Maria Amélia Mano
Nunca
consegui fazer o genograma da família. Maria, Marli e Lane. Tinha ainda o Chico
que, depois de ficar “todo torto” por uma bala perdida, acabou assassinado.
Quatro irmãos vindos do interior. Três mulheres que viviam de seus corpos. As
três soropositivas. Marli, a do meio, era a mais centrada, tomava conta de
todas. Era o equilíbrio. Não conheci e quando falam dela na unidade, é sempre
com carinho.
Contam
que, uma tarde, estavam fazendo grupo em uma casa na comunidade e Lane chegou aos
prantos, um grito vindo do fundo da alma. Marli havia morrido de infarto. Tinha
35 anos, exames do HIV estáveis, usando direitinho os remédios. Deixava três
filhos pequenos que somados aos pequenos de Lane, formavam uma tropinha de
crianças danadas, carinhosas e bonitas.
Joana,
a mais velha da Marli, soropositiva por transmissão vertical, estava sempre na
unidade. Internava com frequência. Teve tuberculose, toda sorte de furúnculos e
infecções respiratórias e toxoplasmose cerebral. Quase morreu muitas vezes. Uma
vez, perto do natal, me pediu para ser internada porque o natal no hospital era
bonito: “tem festa”. Teve festa de 15 anos dada por vereador que prometeu
mundos e fundos. Não cumpriu.
Maria
vivia em seu mundo, separada. Lane ficava com as crianças. Com o crack,
colocava pessoas estranhas em casa, gente do tráfico. Expunha as meninas. Quando
internou por tuberculose, os menores foram abrigados. Joana fugiu. Um dos
pequenos também fugiu e se sabia, vivia de pequenos furtos no sinal. Lane se
apaixonou na clínica e, quando saiu, mudou para outra vila, levando os menores.
Diana
é a mais velha de Lane. Tem 22 anos e quatro filhos. O primeiro, teve quando
tinha 14 anos. Filho de Carlos que morreu assassinado. Ainda se envolveu com um
traficante e tinha dificuldade de acessar a unidade de saúde porque era
ameaçada. Viveu no abrigo. Nunca se soube do pai de Diana ou dos outros filhos
de Lane. Na verdade, nunca se soube dos pais de nenhum dos filhos das três
irmãs.
Ontem
atendi Diana. Sempre pergunto de todas. A tia Maria está na “dela”, como
sempre. Joana está vivendo com um rapaz em outra vila, anda sumida, acha que
não está se cuidando e quer ser mãe. Os pequenos de Lane, sei pouco depois que
saíram. Os pequenos de Marli já são adolescentes. Menino continua furtando.

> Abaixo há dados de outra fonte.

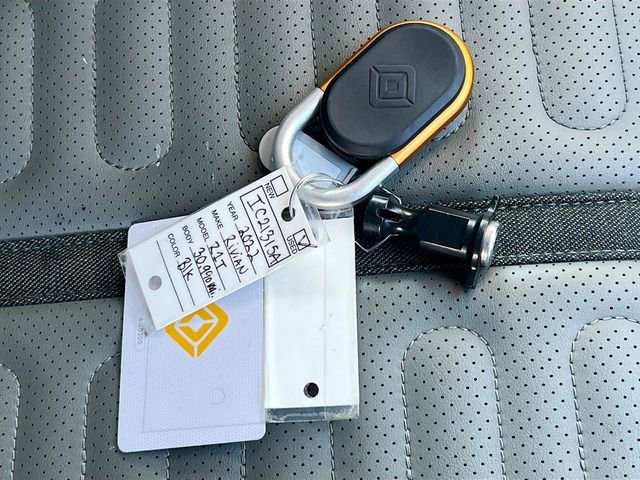 Used 2022 Rivian R1T Adventure image 31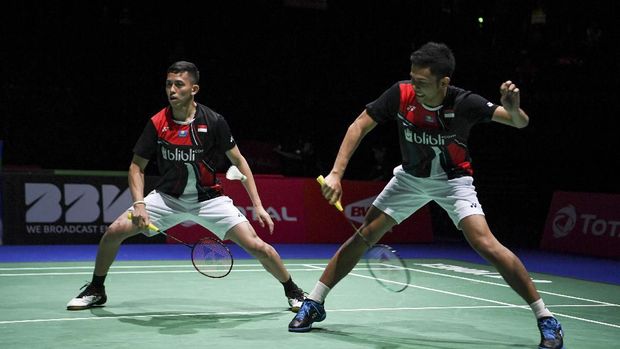 Fajar/Rian akan jadi lawan Kevin/Marcus di babak semifinal China Open.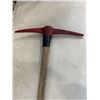 Image 2 : 8LB SLEDGE HAMMER AND PICK AXE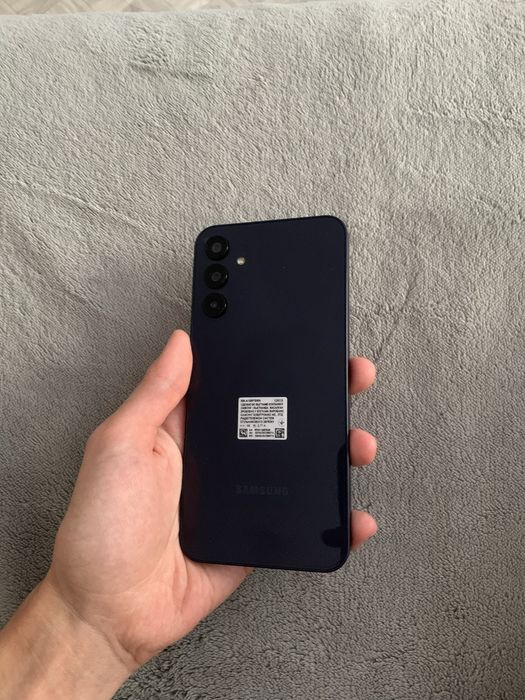 Samsung A15 128/6GB памяти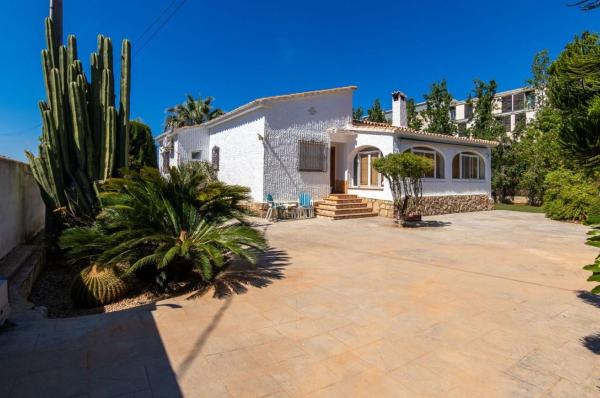 Частный шале на продаже в  Casa o chalet en La Xara - La Sella - Jesús Pobre, Denia, Дения photo 1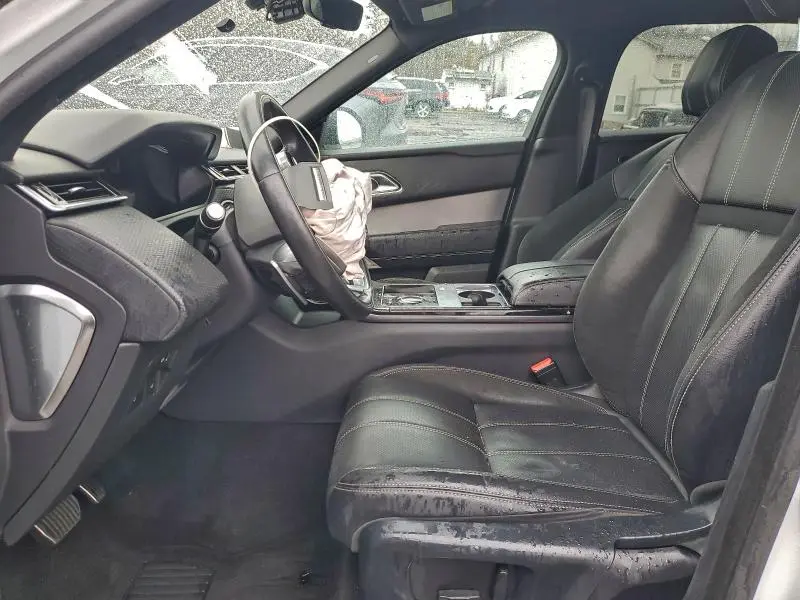 2019 LAND ROVER RANGE ROVER VELAR R-DYNAMIC SE  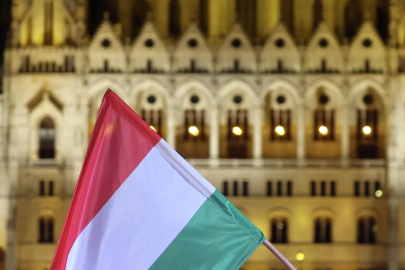Macaristan’da hükümet ile cumhurbaşkanı karşı karşıya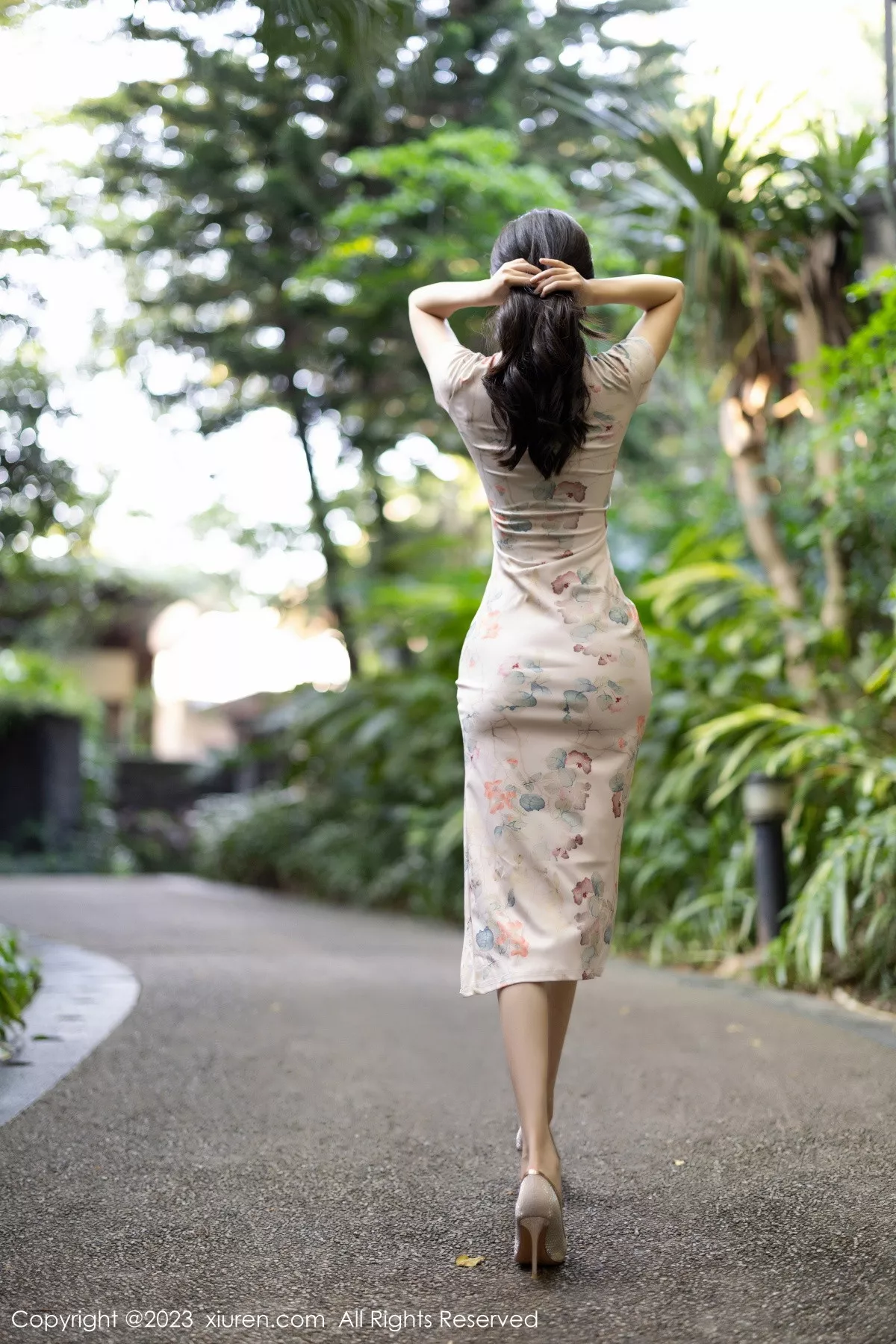 图片[18]-[XiuRen秀人网]第7631期章芃芃写真-秀人集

Menina parece que está se envolvendo com prostituição.
Lane
está voltando para a vila. Vai fazer cirurgia. Câncer de colo de útero.
Diana me conta tudo enquanto dá de mamar. Luísa é uma menininha cabeluda de 40
dias que fiz o pré natal, assim como fiz o pré-natal do penúltimo também. Assim
como atendo os filhos de Diana. Diana quer fazer ligadura tubária. Cuidou dos
irmãos, dos primos, cuida dos quatro filhos e só tem 22 anos e está sem
trabalho. Sorri sempre.
Luísa
ficou 30 dias internada por infecção hospitalar. Leio a nota de alta. Diana nem
sabe o quanto foi grave. Luísa é sobrevivente, como Diana e seus filhos, seus
irmãos, seus primos, sua mãe e tias. Família que nunca consegui fazer o
genograma. Escolhas e falta de escolhas. Neste fim de março, mês da mulher. O
que mais desejo para Luísa, para nós, para as que virão, é o poder escolher.
E
seguro, abraço e saio com Luísa, delicada, esfomeada, cheia de picadinhas de
mosquito, pequenina e cabeluda, imaginando que ela possa se libertar, que possa
resgatar, que possa fazer escolhas.. Desfilo com Luísa pela unidade como
desfilo com todos os bebês que vejo crescerem na barriga, que vejo caminharem e
sorrirem. Mostro Luísa, orgulhosa: “Olha que linda! Mais uma menininha!”